EXERCISE REQUIREMENTS
Pictures in the listing do not belong in the copy, which should repeat exactly the lines from the one holding "this 1316×900 image." through the last line.
MATERIAL FOR THIS EXERCISE Block Start
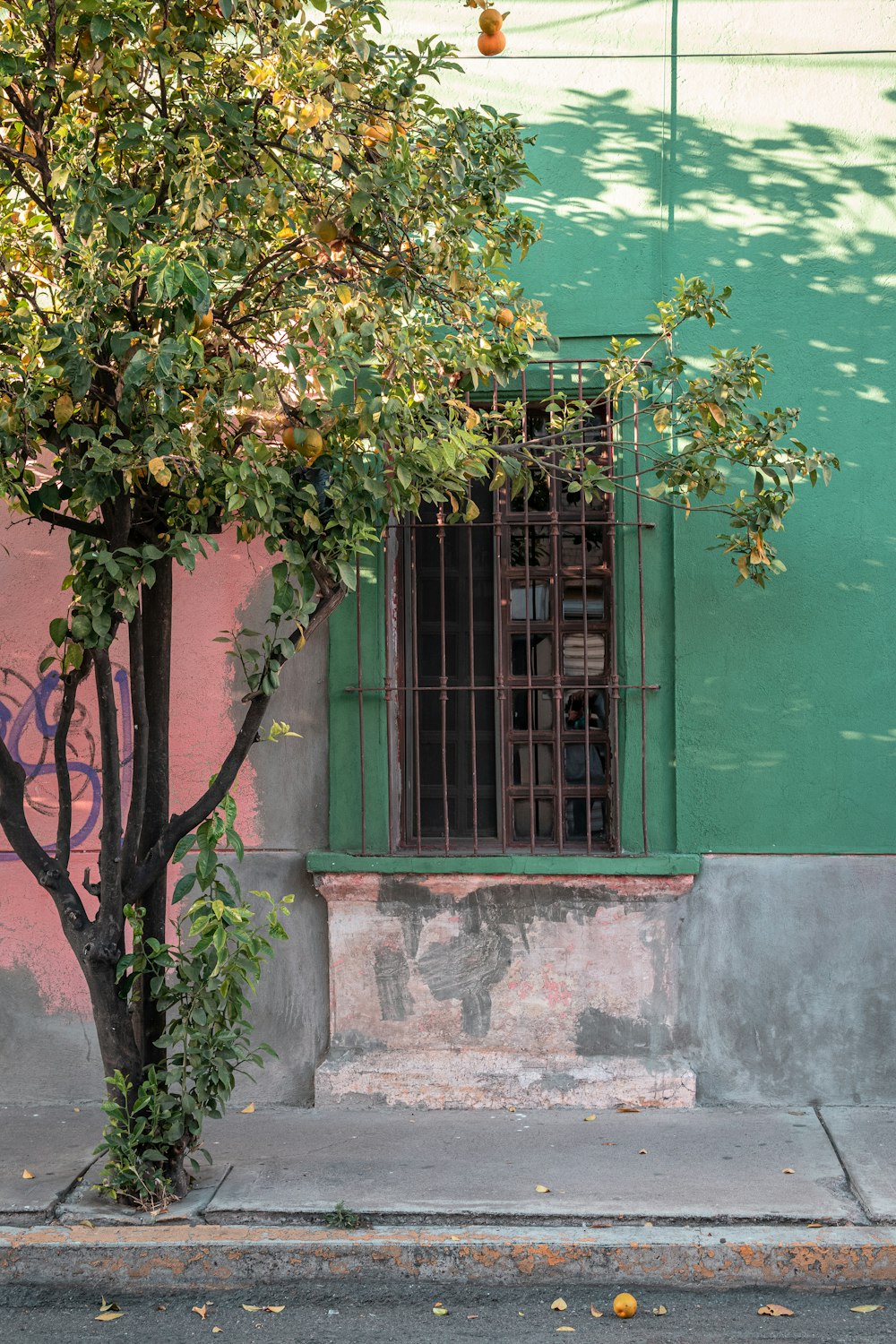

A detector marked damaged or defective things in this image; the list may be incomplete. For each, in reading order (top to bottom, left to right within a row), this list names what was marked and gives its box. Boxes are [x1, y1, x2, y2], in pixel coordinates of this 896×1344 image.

peeling plaster patch [370, 946, 413, 1016]
peeling plaster patch [416, 935, 510, 1038]
peeling plaster patch [577, 1011, 655, 1059]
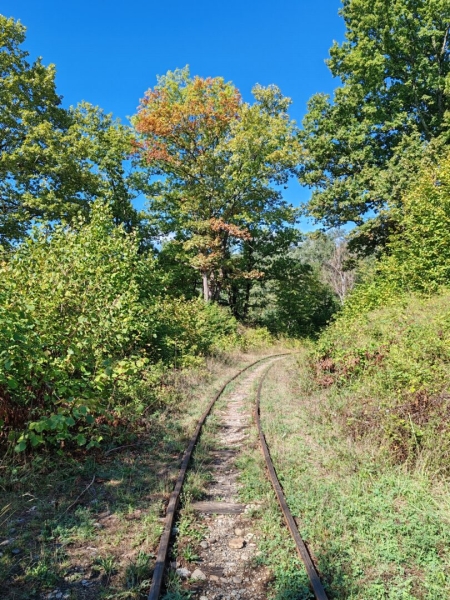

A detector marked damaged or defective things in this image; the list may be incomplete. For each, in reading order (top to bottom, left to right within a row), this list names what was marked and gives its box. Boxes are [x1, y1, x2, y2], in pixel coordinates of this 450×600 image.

rusty rail [148, 352, 288, 600]
rusty rail [255, 360, 328, 600]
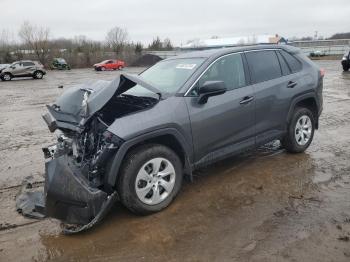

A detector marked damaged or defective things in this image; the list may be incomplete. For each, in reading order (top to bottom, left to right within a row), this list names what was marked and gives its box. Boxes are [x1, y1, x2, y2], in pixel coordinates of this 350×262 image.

severe front damage [17, 73, 161, 233]
crumpled hood [45, 73, 161, 127]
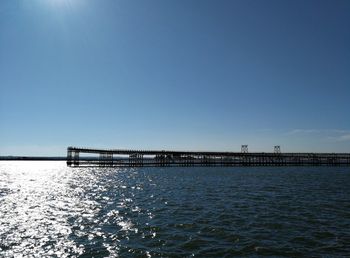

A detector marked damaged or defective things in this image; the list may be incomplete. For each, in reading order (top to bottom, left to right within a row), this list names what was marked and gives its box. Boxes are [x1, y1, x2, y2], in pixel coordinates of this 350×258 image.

rusty metal structure [65, 147, 350, 167]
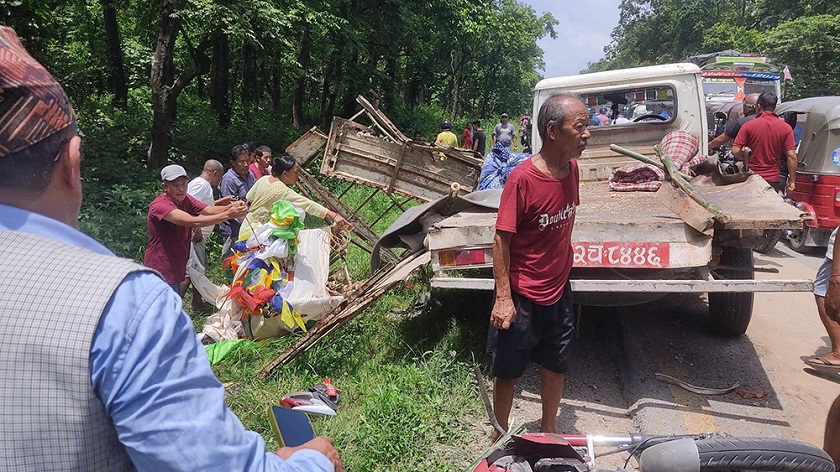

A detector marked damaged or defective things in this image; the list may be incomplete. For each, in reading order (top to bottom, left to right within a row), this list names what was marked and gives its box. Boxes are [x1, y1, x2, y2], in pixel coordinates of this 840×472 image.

broken wooden plank [260, 251, 434, 376]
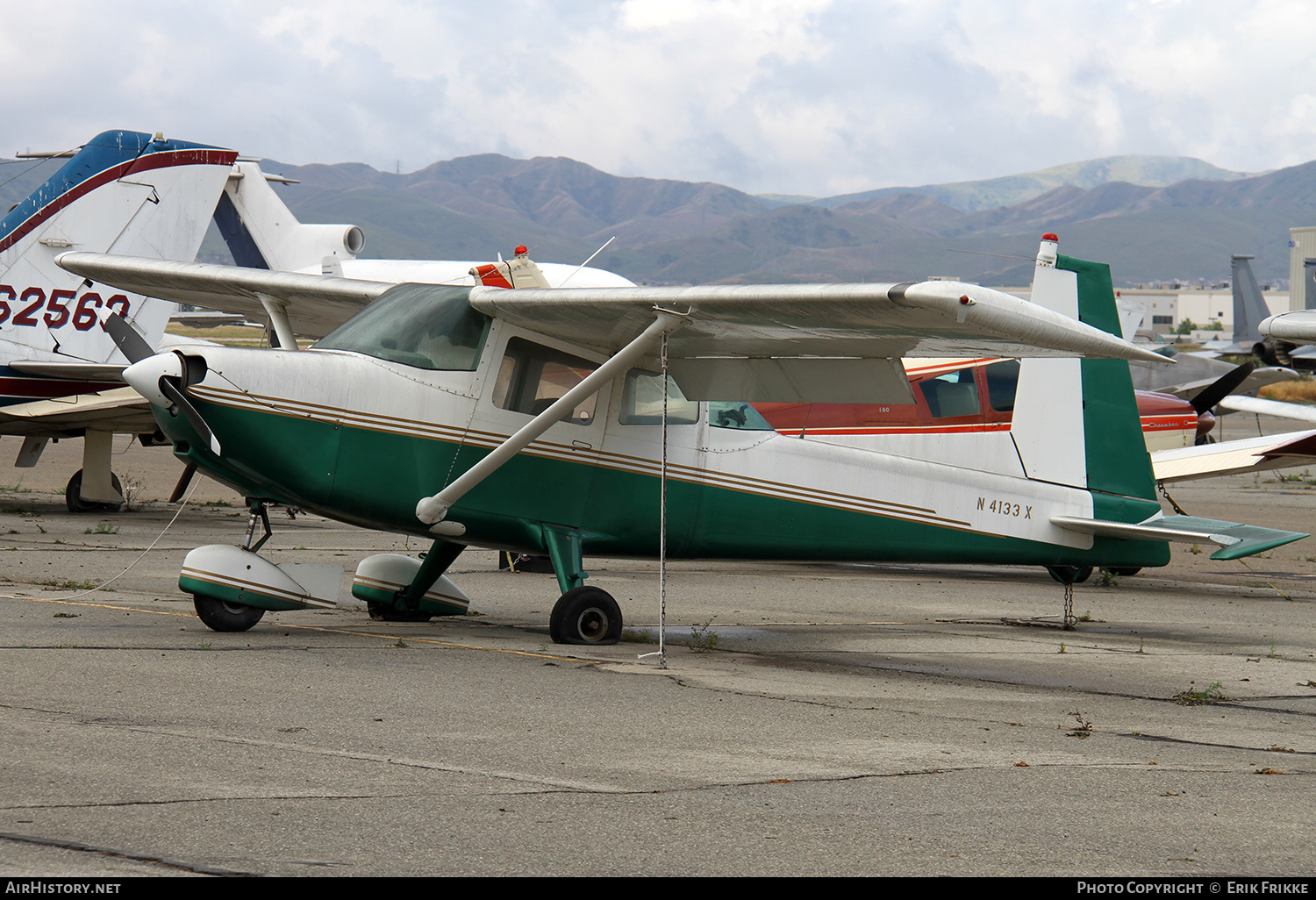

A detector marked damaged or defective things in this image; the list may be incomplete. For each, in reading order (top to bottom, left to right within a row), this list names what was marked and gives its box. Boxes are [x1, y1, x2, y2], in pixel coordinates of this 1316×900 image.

cracked concrete tarmac [0, 437, 1311, 874]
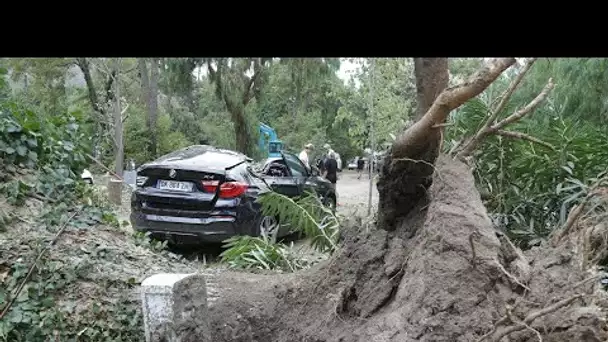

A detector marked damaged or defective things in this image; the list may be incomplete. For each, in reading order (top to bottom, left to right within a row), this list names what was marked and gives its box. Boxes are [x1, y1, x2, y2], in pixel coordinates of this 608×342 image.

black damaged car [129, 144, 338, 243]
crashed bmw sedan [131, 144, 338, 243]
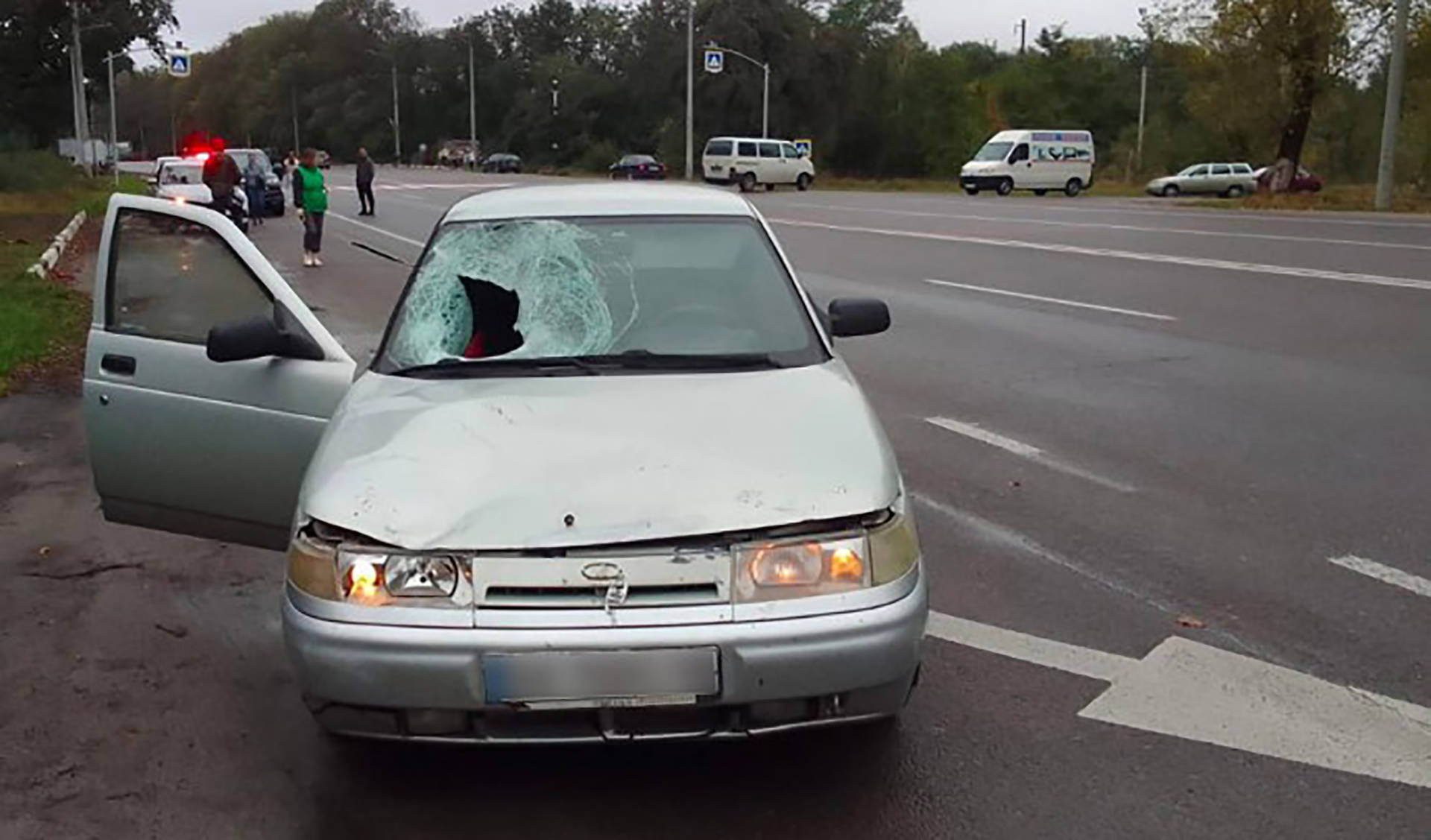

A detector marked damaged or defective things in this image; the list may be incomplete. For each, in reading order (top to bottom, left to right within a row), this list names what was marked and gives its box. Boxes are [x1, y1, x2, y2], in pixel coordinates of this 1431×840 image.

shattered windshield [374, 216, 829, 374]
damaged silver sedan [81, 189, 930, 742]
crumpled hood [301, 362, 900, 552]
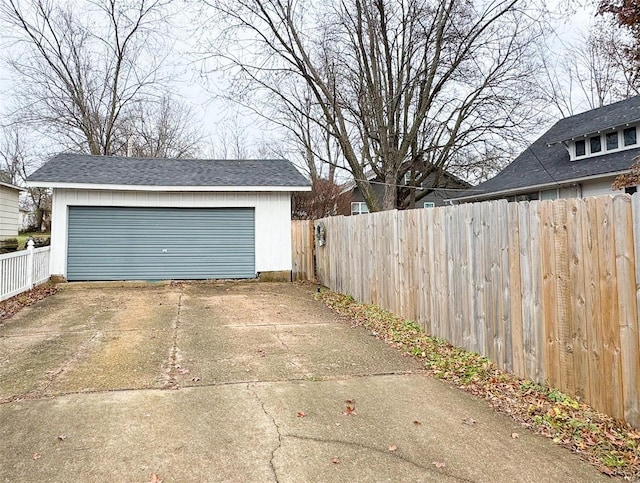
MATERIAL FOR THIS EXERCISE Block End
FINISHED EXERCISE
A detector marked damaged or defective things in this image; the list may be incomplete. For each, in reading order (top to bottom, left to right within a row), this list names what was marked and gives its box. Boxes are [x1, y1, x2, y2], in pixel coordinates of this 1316×900 image.

cracked concrete tarmac [0, 437, 1311, 874]

A detector marked damaged or defective things in this image; the list may be incomplete. For each, in reading order (top to bottom, left to right within a row), this list names what was marked and gives its box. Boxes are [x1, y1, x2, y2], in pixel coordinates of this 608×342 image.

black damaged car [129, 144, 338, 243]
crashed bmw sedan [131, 144, 338, 243]

A detector marked damaged or defective things in this image; the list may be incomplete. For each, in reading order (top to bottom, left to right within a row), this list names what was marked and gives its box. Boxes are [x1, y1, x2, y2], in pixel coordinates of this 1431×840 image.

shattered windshield [374, 216, 829, 374]
damaged silver sedan [81, 189, 930, 742]
crumpled hood [301, 362, 900, 552]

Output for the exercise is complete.